4. Appropriate Sanctions

[44] Staff submits that to adequately protect the capital markets in Ontario, a protective and preventative order should be granted against the Respondents, preventing or limiting the Respondents' participation in Ontario's capital markets. The Respondents submit that an order is unnecessary and Mr. Oei indicated that he would provide an oral statement as an alternative to an order of the Commission indicating that he would not participate in Ontario's capital markets. While I appreciate Mr. Oei's comments and assurance that he will not participate in Ontario's capital markets, I accept that a formal order is necessary to adequately protect the public.

[45] The Commission may consider a number of factors in determining the nature and scope of sanctions, including the seriousness of the misconduct, any mitigating factors and the need to deter a respondent and other like-minded individuals from engaging in similar abuses of the capital markets in the future.

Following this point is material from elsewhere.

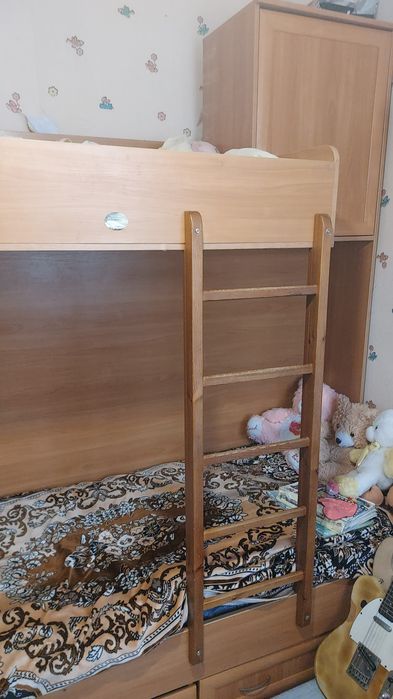Продам двухьярусную кровать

[46] The BCSC Panel stated, among other things, that the Respondents represent a very serious risk to the capital markets. The Respondents tendered financial evidence that "was not credible and, in some cases, defied logic".{50} The BCSC Panel found a material aggravating factor in the case to be the poor record keeping by the Respondents (see paragraph [27] herein).The BCSC panel further stated that "Oei's conduct not only falls far short of that expected of someone who carries out the duties of an officer or a director of a corporation but, in fact, demonstrates his willingness to use corporations in carrying out harm to the public".{51}

[47] The BCSC Panel dismissed the idea that the Respondents' conduct occurred in the context of legitimate capital raising{52} and noted a number of investors testified that they first came into contact with the Respondents through dealings with the Respondents themselves, and Mr. Oei's spouse (both individuals were registered insurance brokers).{53} (See paragraph [17] herein re Mr. Oei and BCSC Sanctions Decision at paragraph [17] re Mr. Oei's spouse). They were induced to purchase securities in Cascade, suggesting there was an element of conflict of interest or abuse of that prior relationship.{54} Similar to the situation in Theroux (Re){55}, where Mr. Theroux had been a mutual fund salesperson, it could also be considered a "mistaken trust" of Mr. Oei as a registered insurance salesperson{56}.

[48] Staff submits that Mr. Oei's submissions with regard to his character and community involvement (see paragraph [43] herein) should be afforded little or no weight in my decision as the Commission and Ontario Court of Justice has long noted that individuals who commit fraud may use their position in the community and reputations to gain trust and to assist them in committing their fraudulent misconduct.{57}

[49] Based on his submissions in this proceeding (see paragraphs [37] and [38] herein), Mr. Oei does not appear to have a background in trading in securities and does not appear to be familiar with relevant rules and regulations that are meant to guide the behaviour of those taking part in the capital markets.

[50] Individuals who want to advise other people about where and how to invest their money have obligations to such investees. There needs to be trust between the individuals. There needs to be a mutual understanding of what the investment is, what the rewards might be, what the risks are and how those risks might impact the investment. In order to build that trust, our securities regulatory system requires proper disclosure of material facts and material changes. There is an old saying that "sunlight is the best disinfectant".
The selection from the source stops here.